Höfe und Gänge kommen noch, ich war aber nicht in allen, hatte runde Füße am Montag.
So hab ich auch noch Stoff für weitere Entdeckungen.
Man kommt z.B. mit einer Führung doch auf den Nordturm der Marienkirche und unter den Dachstuhl sogar bis in den Dachreiter. Geht aber nur im Sommer und nur am Wochenende, wird bei mir also dieses Jahr nix mehr
Das Marionettentheater ist toll, aber dass ich da drin war, ist schon ewig her.
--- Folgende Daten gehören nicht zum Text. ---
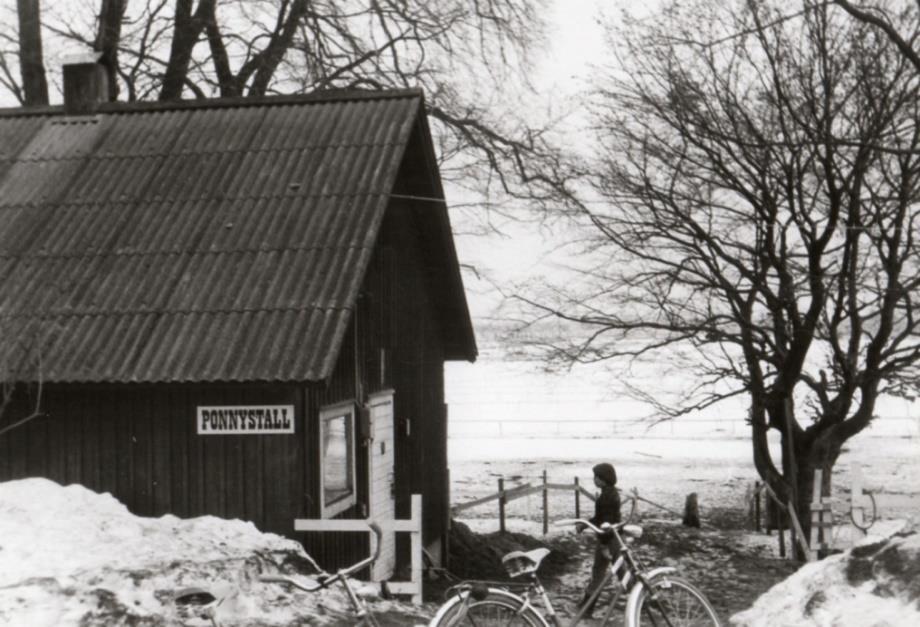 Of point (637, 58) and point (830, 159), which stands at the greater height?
point (637, 58)

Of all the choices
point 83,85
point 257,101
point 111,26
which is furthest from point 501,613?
point 111,26

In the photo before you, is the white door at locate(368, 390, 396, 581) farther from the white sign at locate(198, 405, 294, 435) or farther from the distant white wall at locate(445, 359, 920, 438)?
the distant white wall at locate(445, 359, 920, 438)

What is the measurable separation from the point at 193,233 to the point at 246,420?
2658mm

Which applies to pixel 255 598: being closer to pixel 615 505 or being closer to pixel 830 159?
pixel 615 505

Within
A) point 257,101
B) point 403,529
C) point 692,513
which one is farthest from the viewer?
A: point 692,513

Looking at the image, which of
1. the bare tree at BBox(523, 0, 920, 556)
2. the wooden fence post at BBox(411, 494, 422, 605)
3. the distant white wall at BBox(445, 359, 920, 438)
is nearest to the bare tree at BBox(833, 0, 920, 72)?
the bare tree at BBox(523, 0, 920, 556)

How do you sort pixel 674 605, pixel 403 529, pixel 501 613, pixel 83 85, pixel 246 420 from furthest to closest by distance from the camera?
pixel 83 85 → pixel 246 420 → pixel 403 529 → pixel 674 605 → pixel 501 613

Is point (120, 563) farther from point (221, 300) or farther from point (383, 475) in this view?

Wenn du eine gute Geschichte dazu hast, schreib doch einen Gastbeitrag, wird gerne genommen.
Gruß
Henning
Folgendes zum Kaak von meiner Mutter:
Der ursprüngliche Kaak war tatsächlich unten offen, sowie heute auch. Wann genau das Erdgeschoss zugemauert wurde, weiß sie nicht, es muss aber vor 1820 (Ollis Bild) gewesen sein.
Im offenen Ur-Kaak waren Butterbuden.
Sie kann sich erinnern, dass vor dem Abriss des Kaak (erst lange nach dem Krieg) ein Reisebüro unten drin war.
Moin Henning
Sehr schön deine „Stadtrundfahrt“ in Lübeck. Da kommen Erinnerungen auf :-)… Vor fast 30 Jahren wohnte dort meine Oma im Stadtteil Brandenbaum, dicht an der Grenze. Ich war oft zu Besuch dort.